Ma torniamo alle caserme del Flaminio. Durante le assemblee con la popolazione è stato affermato che si poteva discutere tutto, ma non l’enorme volumetria (300 mila metri cubi di cemento pari a tre alberghi Hilton, avrebbe detto Antonio Cederna) perché quello era l’equilibrio vincolante deciso da SGR investimenti che ha oggi la proprietà del bene. Il destino di un importante quartiere di Roma viene dunque deciso da un gruppo di agguerriti finanzieri. Ecco perché il sindaco Marino dovrebbe essere più prudente a scrivere che la sua amministrazione «sta rompendo i privilegi consolidati».

Se vuole farlo davvero, e sono convinto che questo obiettivo sia nelle sue corde, chiami a sostegno quella parte di città che ha sventato le folli delibere del cemento di Alemanno. E se vuole dare un segnale vero di cambiamento, imponga che al Flaminio, visto che la proprietà è interamente pubblica, vengano costruiti alloggi veramente pubblici (e non sociali, come si ama dire in modo truffaldino oggi) da assegnare alle famiglie senza tetto costrette da anni ad occupare edifici abbandonati della città per essere poi sistematicamente sgomberate con la forza. Solo così si rompono davvero i privilegi.

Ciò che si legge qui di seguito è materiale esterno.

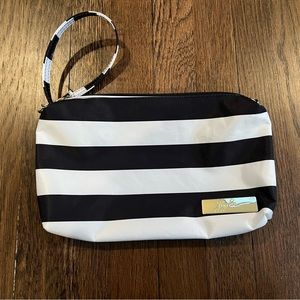 Jujube Be Quick pouch/wristlet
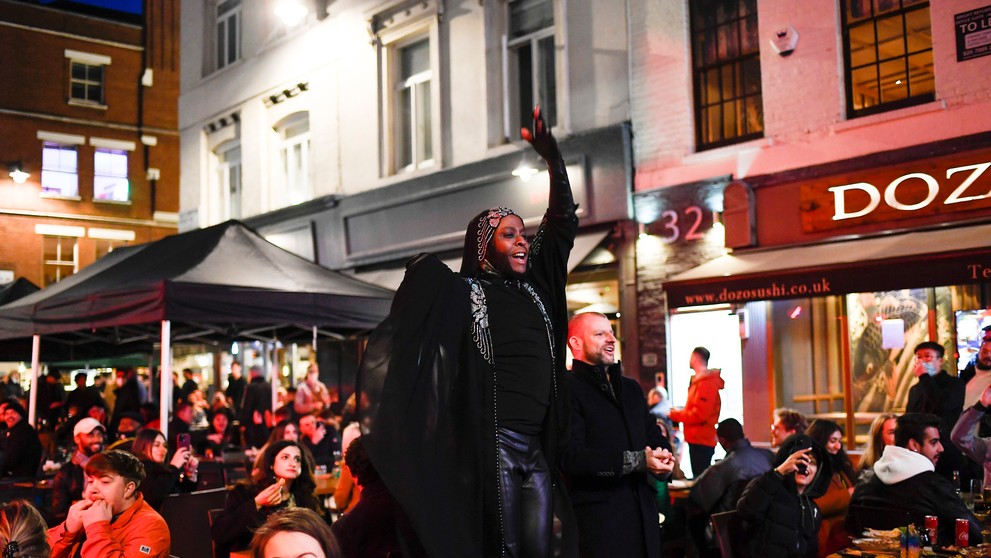 S neskoršou hodinou nemali viacerí problém odviazať sa.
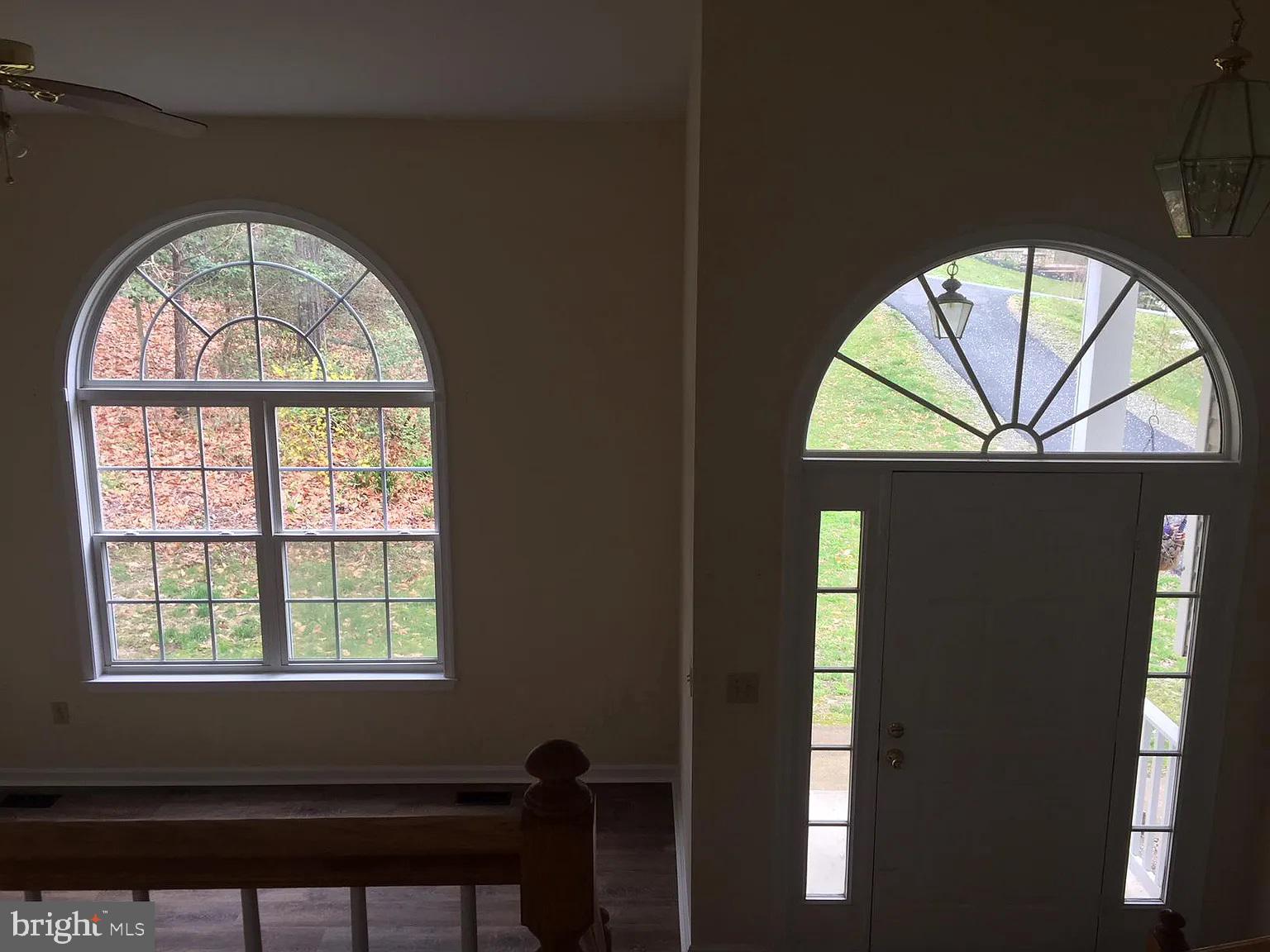 PRESIDENTIAL LAKES - Residential Lease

Rettifica pubblicata sul quotidiano dell’8 maggio 2014:

Sulla trasformazione urbanistica dell’ex stabilimento militare di macchine elettriche di via Guido Reni l’articolo pubblicato il 1 maggio dal titolo «Le manovre di palazzo sulle caserme del Flaminio» riporta informazioni errate.

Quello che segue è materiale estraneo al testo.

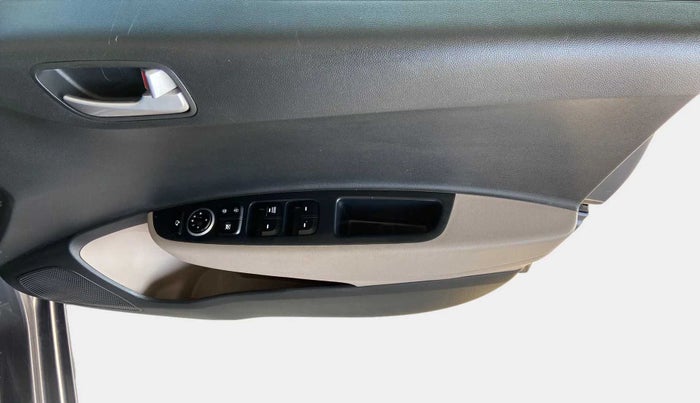 2015 Hyundai Grand i10 ASTA 1.2 KAPPA VTVT, Petrol, Manual, 29,889 km, Driver Side Door Panels Control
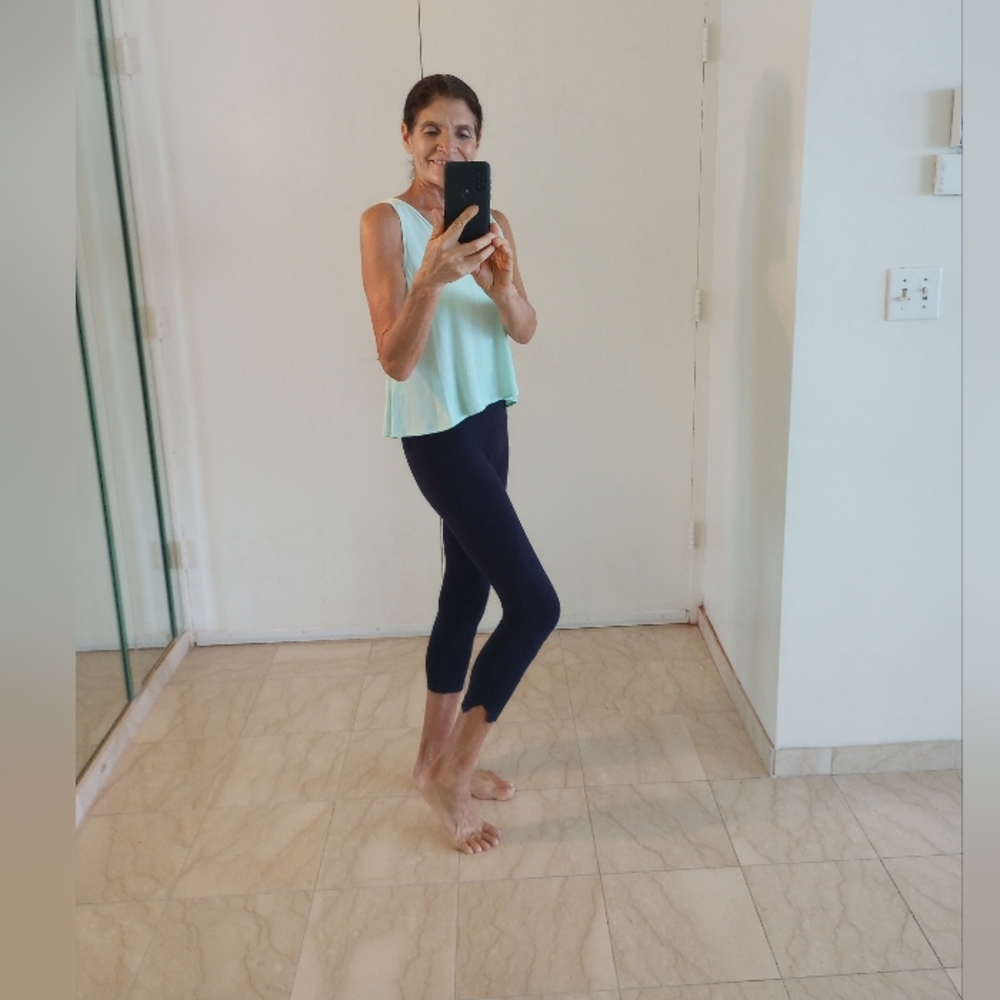 LYSSE  Shaping Capri Leggings Navy XS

Non è infatti vero che: «Il progetto non è affatto nuovo e risale niente meno che al 2007». C’era un progetto nel 2007 per la Città della Scienza al Flaminio, ma non nella caserma Guido Reni, bensì in un piccolo lotto rimasto inedificato vicino al MAXXI. Si fece anche un concorso di architettura con un vincitore, ma era tutto finto. Si pensi che il museo si era ridotto ad appena 4.000 mq, non i 27.000 mq del progetto della Città della Scienza su cui sta lavorando l’attuale amministrazione.

Non è vera l’affermazione: «L’enorme volumetria (300 mila metri cubi di cemento pari a tre alberghi Hilton, avrebbe detto Antonio Cederna)». Sono 144 mila i metri cubi per funzioni residenziali, commerciali e turistico ricettive, di cui 19.200 di alloggi veramente sociali, secondo la definizione che ne dà il Decreto ministeriale del 22 aprile 2008: «Unità immobiliare adibita ad uso residenziale in locazione permanente che svolge la funzione di interesse generale […]di ridurre il disagio abitativo di individui e nuclei familiari svantaggiati, che non sono in grado di accedere alla locazione di alloggi nel libero mercato». L’area, che ha una estensione di 51.000 mq, e che non era di proprietà del comune ma dell’Agenzia del Demanio, diventerà di Roma Capitale per 24.000 mq e oltre alle attrezzature pubbliche di quartiere potrà ospitare una importante funzione pubblica di livello metropolitano, «La città della scienza».

Inoltre alcune precisazioni a proposito de «le folli delibere del cemento di Alemanno». Bastava leggere il testo della stessa delibera su via Guido Reni per sapere che la giunta Marino ha cancellato la delibera scandalosa di Alemanno, la n.8 del 28/29 ottobre 2010, che aveva previsto una colata di cemento sulle quindici caserme, per altro mai trasferite al Comune. Una decisione contro la quale erano sorti in città movimenti e comitati.

E infine un’osservazione sulle «manovre di palazzo sulle caserme del Flaminio». Il volume edificabile e le funzioni per la ex caserma Guido Reni erano già definite in una memoria di giunta approvata il 25 settembre del 2013, ad appena due mesi dall’insediamento. La lettera di Cassa depositi e prestiti investimenti SGR a Roma Capitale con la quale «si condividono gli scenari di trasformazione edilizia e urbanistica contenuti nella memoria» è del 17 dicembre 2013. Insomma è Cassa Depositi e Prestiti che ha accettato quanto proposto da Roma Capitale e non viceversa.

Un po’ di prudenza in più, come scrive il manifesto, quando si parla dell’urbanistica della giunta Marino servirebbe. Si tratta di una materia in cui non sono consentite approssimazioni.